Last summer, around the time I fell head over Dark
Martens in love with Anastasia Blake, I start enacting a daily ritual of gazing
at the reflection of my visage in the downstairs bathroom mirror. I fill the
porcelain basin of the sink with tepid water dousing what in Mme Suhr’s French class
I have just learned is the “tete” into the pool of lukewarm liquid, dousing my
head in Ostrich-seeking-vittles fashion before propping up it up and looking at
myself in the reflective slate in front of me.
I then brandish my yellow comb and begin to sculpt.
I then garb the cylinder can attacking the top of my
head for all its worth in a noxious air stream of chemical shit.
It is a half-hour before my date is scheduled to arrive. I am looking at myself in the mirror. I am acknowledging verification for my terse spit of being. I am verifying the fifteen years of being planted in the trigonometry of Midwestern corn every time I blink at my countenance in the bathroom murror.
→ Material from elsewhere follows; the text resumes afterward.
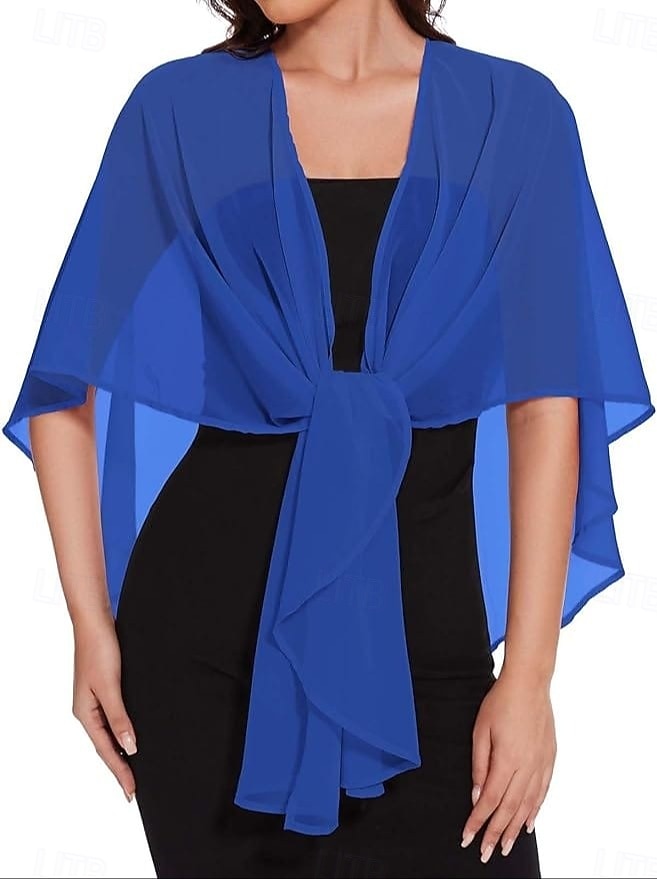 Sjalar Bolero Mammas Wraps Bridal's Wraps Bröllopsgästs wraps Elegant damer Formell Stil Ärmlös Chiffong Brudsjalar Med Ren Färg Till Dagligen Vår & sommar 2026 - $34.99 –P5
For the language I have found myself employing, never questioning, guttural sounds in an verbalized endeavor to convey something that is inside of me, never questioning, never questioning the white statue of the son of God adorned in the front of the church I attend in the Southside of Peoria every Sunday, never questioning, never questioning that there are foreign lingua francs and religions and other countries, only knowing that somehow God Blesses this country, that somehow the vernal manicured lawn of currency we barter has the Deities approval.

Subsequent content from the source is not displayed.